ROANOKE (WSLS 10)-- This weekend people in the Roanoke Valley are getting the chance to do something they've never done before, touch some of the art that's on display at the Taubman Museum of Art.

It's been several months since The Stir City exhibit went up and this weekend, the huge piece-- made up of more than 70,000 coffee stirrer sticks, is all coming down. The museum says it will be no small feat, so they're looking for help from people in the community.

The piece was created on site as the artist, Jonathan Brilliant, spent ten days at the museum weaving the sticks tightly together. The entire piece is held together on its own, without any glue or products to hold the sticks in place.

As visitors help with the deinstallation on Sunday, they're free to take the art home with them-- either in big portions still woven together or as individual coffee stirrer sticks they can use for something else.

Amy Moorefield, the Deputy Director of Exhibitions at the museum, says she's worked in the art world for more than 20 years and has never heard of anything like this.

"It's a huge no-no in terms of the art community," she says. "We've all been taught not to touch.
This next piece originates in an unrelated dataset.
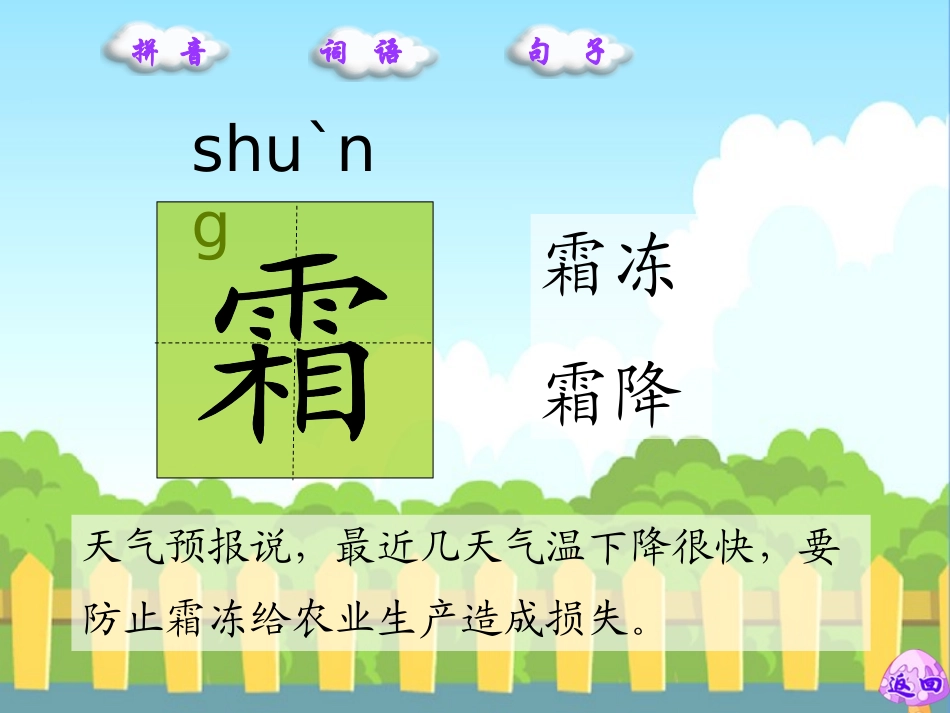 古诗三首生字词学习副本_第3页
So this is a unique and rare opportunity for people to really get their hands in it and take it apart and take the work home with them."

The Stir City project is made up of 70,000 wooden coffee stirrer sticks, 500 coffee sleeves and the walls are decorated with espresso grounds, giving the room a coffee house smell as well. It's a piece he says he want's to stay in the Roanoke community, even after its time on display is over.

"This piece has been created specifically for our community," says Moorefield. "It's unique to the space and unique to the museum, it will never exist anywhere else. For him, it's important to have people lay hands on it at the end and be able to take a piece of it home as a reminder."

Any of the sticks left over at the end of the day on Sunday will be put to good use-- they'll be used in the kid's gallery at the Taubman and donated to local schools.

The deinstallation will happen on Sunday from noon to 5 p.m. Anyone is invited to attend.